22 Mayıs Pazar günü Kadıköy’de büromuzda İlerici Gençlik söyleşilerinin ikincisini “-Sessiz İstila- değil, Sessiz Sömürü!” başlığıyla gerçekleştirdik.
Yenidünya Gazetesi yazarı Onur Balcı’nın ve İlerici Gençler adına İbrahim Polat arkadaşımızın konuşmasıyla Türkiye’de ve dünyada mülteci konusunu emperyalizm ve ırkçılık ile ilişkisini vurgulayarak ele aldık.
Etkinliğimizde, İbrahim arkadaşımız göçün ve mülteci olmanın nedenlerine dikkat çekerek bunun temelinde yatan sebebin emperyalizm koşullarında ülkelerin eşitsiz gelişimi olduğunu söyledi. Emperyalist işgal ve yıkımların ise mülteci sayısını gitgide arttırdığına işaret etti. Ayrıca sermayenin mültecileri, göçmenleri ucuz işgücü olarak ağır koşullarda sömürdüğüne dikkat çekti. Siyasi yönetimlerin bu kayıt dışı çalışmaya ses çıkarmayarak sermayenin işçi maaşları üzerinde baskı oluşturmasına destek verdiğini belirtti.
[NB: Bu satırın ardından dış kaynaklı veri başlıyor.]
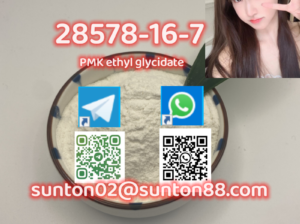 28578-16-7 PMK ethyl glycidate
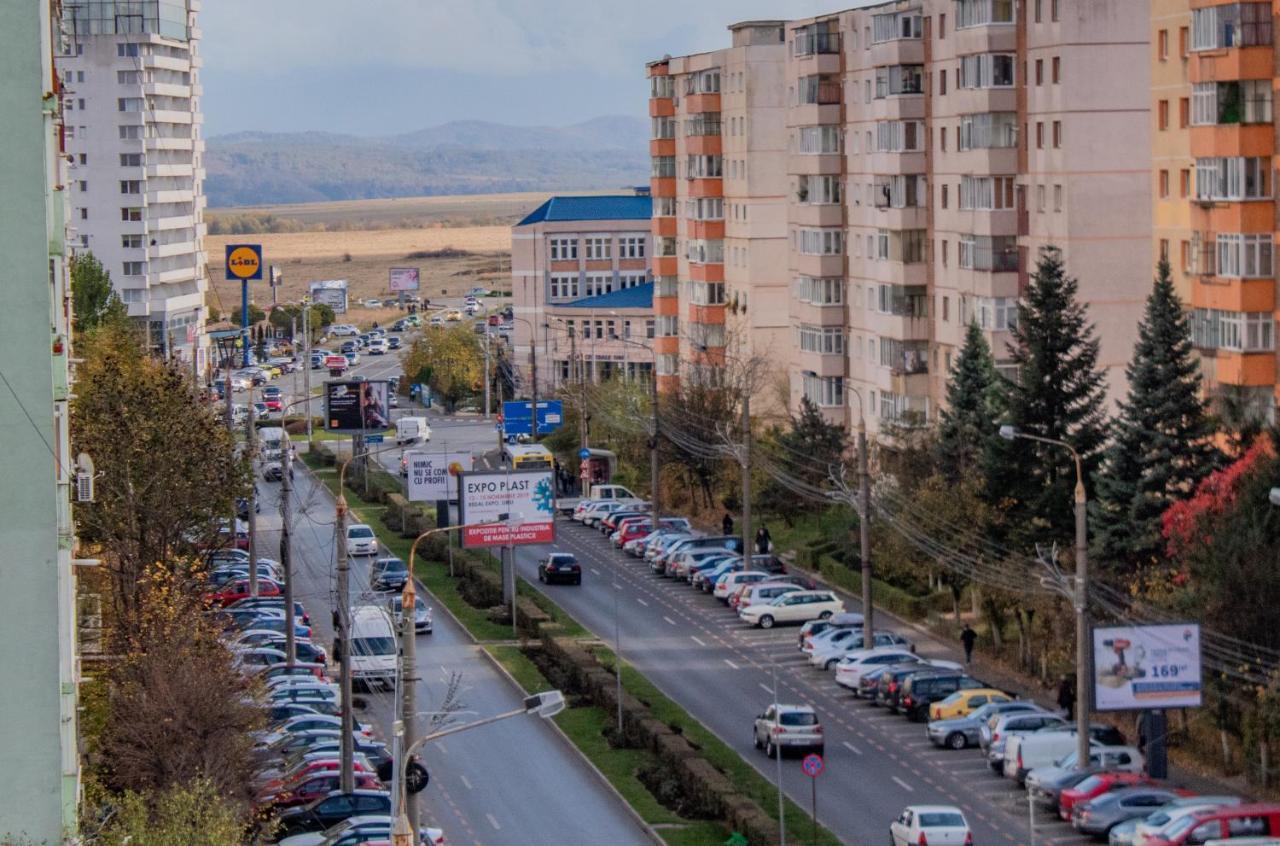 Butterfly Apartment Sibiu Bagian luar foto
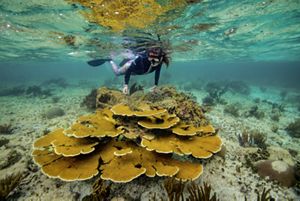 A snorkeler swims past a large stand of elkhorn coral (Acropora palmata) along a reef north of main dock in Puerto Morelos, Mexico.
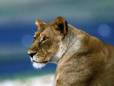Lioness relaxing in the late afternoon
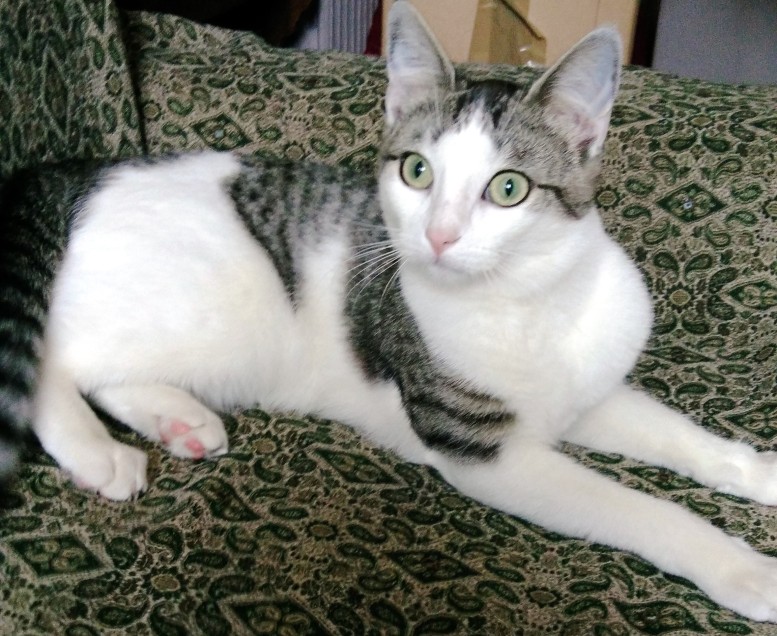 Chat perdu à Paris 75020 : Maïra, Européen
Bu yüzden ekonomik kriz ve işsizlikten bunalan kesimlerin öfkesinin ne yazık ki mültecilere yöneldiğini hatırlattı. Mültecilerin, sermayenin doymak bilmeyen kâr hırsını ve siyasi yönetimin beceriksizliğini gizleyen bir paravan olarak kullanıldığını vurguladı.
Yenidünya Gazetesi yazarı Onur Balcı ise; emperyalist devletlerin mültecileri, ülkeleri istikrarsızlaştırmak için bir silah olarak kullandığına dikkat çekerek mültecilerin bu sürecin mağdurları olduğunu hatırlattı. Hem iktidarın hem de muhalefet partilerinin gerçekçi, insani çözümler sunmaktan uzak olduğunu dile getirdi. Bu durumda ulusal güvenlik kaygısıyla hareket eden kesimlerin mültecileri düşman olarak görmeye başladığını söyledi. Oysa asıl düşmanın emperyalizm olduğu, emperyalizme karşı mücadele eden halklar ve ülkelerle dayanışma yoluyla yeni mülteci hareketlerinin önüne geçilebileceğini vurguladı. Bu bağlamda Suriye ile barışmanın, Suriye toprak bütünlüğünü korumasının, ülkede huzur ve istikrarın kurulmasının hem mülteci sorununda hem de Türkiye’nin ulusal güvenliğinde temel bir adım olduğunu anlattı.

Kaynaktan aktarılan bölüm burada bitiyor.